Я отпустил дверь, и она медленно закрылась.
Я постоянно думал о ее губах. Но не знал, хорошо ли, что я все время вспоминаю об этом, особенно сейчас.
Я вышел на балкон по другую сторону от ее квартиры и пошел к лестнице в южном крыле дома. Сверху я заметил, как Рикард Люсне и Венке Андресен шли к большому черному автомобилю. Скорее всего это был «мерседес» – так по крайней мере он выглядел с девятого этажа.
Так вы и исчезнете из моей жизни – на черном лимузине, подумал я почему-то. Но то ли интуиция, то ли какое-то шестое чувство говорило мне, что этого не произойдет, что я еще увижу их обоих и это будет не самой приятной встречей для кого-то из нас.
Я не спеша спустился по лестнице, размышляя, что еще мне предстоит сделать.

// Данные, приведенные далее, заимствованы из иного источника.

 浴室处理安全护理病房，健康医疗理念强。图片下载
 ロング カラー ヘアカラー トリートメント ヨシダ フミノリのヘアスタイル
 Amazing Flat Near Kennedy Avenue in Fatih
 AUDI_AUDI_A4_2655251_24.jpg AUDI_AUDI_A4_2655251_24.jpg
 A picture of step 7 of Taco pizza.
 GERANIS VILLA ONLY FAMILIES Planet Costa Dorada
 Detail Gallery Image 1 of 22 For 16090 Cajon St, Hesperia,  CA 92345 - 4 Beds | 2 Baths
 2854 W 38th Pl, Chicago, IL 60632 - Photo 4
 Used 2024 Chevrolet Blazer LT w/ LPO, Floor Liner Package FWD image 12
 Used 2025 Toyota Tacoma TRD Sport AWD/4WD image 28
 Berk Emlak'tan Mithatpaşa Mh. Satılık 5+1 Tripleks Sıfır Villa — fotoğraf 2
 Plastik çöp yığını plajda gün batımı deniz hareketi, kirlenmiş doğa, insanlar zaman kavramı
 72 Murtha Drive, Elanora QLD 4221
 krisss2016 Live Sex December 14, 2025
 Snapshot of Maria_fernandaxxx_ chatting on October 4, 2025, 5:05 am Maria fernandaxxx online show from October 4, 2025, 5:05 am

У меня был выбор: либо вернуться в контору, либо сделать что-нибудь полезное. Можно было хотя бы притвориться, что делаешь полезное дело. Контора вряд ли пострадает, если я там не появлюсь. Единственное, с чем могло что-то произойти, был телефон. Его могли снять, потому что я не заплатил по счету. Но и в этом случае будет лучше, если я не появлюсь в конторе.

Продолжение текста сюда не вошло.